**Problem**
Nothing may be changed. Give the entries below again exactly.

**Given information**
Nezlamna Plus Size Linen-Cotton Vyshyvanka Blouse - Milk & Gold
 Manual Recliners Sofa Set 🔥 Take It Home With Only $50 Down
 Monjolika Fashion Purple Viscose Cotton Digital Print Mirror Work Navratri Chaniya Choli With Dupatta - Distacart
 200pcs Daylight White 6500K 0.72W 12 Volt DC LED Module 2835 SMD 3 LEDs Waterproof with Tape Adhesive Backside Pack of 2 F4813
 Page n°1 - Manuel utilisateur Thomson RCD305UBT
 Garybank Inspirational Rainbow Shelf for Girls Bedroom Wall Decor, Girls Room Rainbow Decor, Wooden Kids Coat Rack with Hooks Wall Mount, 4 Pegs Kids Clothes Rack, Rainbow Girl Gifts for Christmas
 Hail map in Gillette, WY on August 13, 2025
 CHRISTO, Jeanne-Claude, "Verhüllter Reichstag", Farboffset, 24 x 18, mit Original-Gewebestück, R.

**Reply**
Nezlamna Plus Size Linen-Cotton Vyshyvanka Blouse - Milk & Gold
 Manual Recliners Sofa Set 🔥 Take It Home With Only $50 Down
 Monjolika Fashion Purple Viscose Cotton Digital Print Mirror Work Navratri Chaniya Choli With Dupatta - Distacart
 200pcs Daylight White 6500K 0.72W 12 Volt DC LED Module 2835 SMD 3 LEDs Waterproof with Tape Adhesive Backside Pack of 2 F4813
 Page n°1 - Manuel utilisateur Thomson RCD305UBT
 Garybank Inspirational Rainbow Shelf for Girls Bedroom Wall Decor, Girls Room Rainbow Decor, Wooden Kids Coat Rack with Hooks Wall Mount, 4 Pegs Kids Clothes Rack, Rainbow Girl Gifts for Christmas
 Hail map in Gillette, WY on August 13, 2025
 CHRISTO, Jeanne-Claude, "Verhüllter Reichstag", Farboffset, 24 x 18, mit Original-Gewebestück, R.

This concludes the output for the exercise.